I know the transformation $A \mapsto (A-I)^{-1}(A+I)$ is a diffeomorphism between the square matrices with spectral radius bounded by $1$ and those whose eigenvalues on the left half plane of $\mathbb C$. But it seems to me this map does not necessarily work for $\mathcal E$ and $\mathcal F$. If $X \in \mathcal F$, then $(B+AX-I)^{-1} (B+AX+I) = - \sum_{j=0}^{\infty} (B+AX)^j(I + B+AX) := C$. I am not sure $C-B$ can be represented by $AY$ for some $Y$. Or there are some other maps. An example to show the non-existence would also be nice.

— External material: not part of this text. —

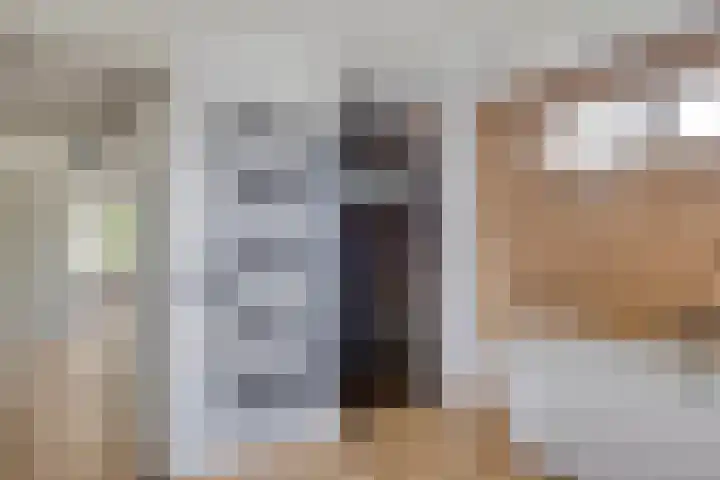 Wilhelminastraat 29 Tuil thumbnail 22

Before voting this answer down, give me a chance to improve the answer or to delete it if it is complete nonsense.
EDIT: Example is now working as far as I see.
This being said, let's consider the simplest example. Take $m=1$, $n=2$, $B=\begin{pmatrix}\frac{1}{2} &0\\ 0& -\frac{1}{2} \end{pmatrix}$, $A=\begin{pmatrix}1 \\ 0\end{pmatrix}$. Take an arbitrary $X=\begin{pmatrix}x & y\end{pmatrix}$. We have $AX=\begin{pmatrix}x & y\\ 0 & 0\end{pmatrix}$. Now the Eigenvalues of $B+AX$ are the roots of the characteristic polynomial, i.e. $$p(\lambda)=\det\begin{pmatrix}\frac{1}{2}+x-\lambda & y \\ 0 & -\frac{1}{2}-\lambda\end{pmatrix}=(\frac{1}{2}+x-\lambda)(-\frac{1}{2}-\lambda)$$ with roots $\frac{1}{2}+x$ and $-\frac{1}{2}$.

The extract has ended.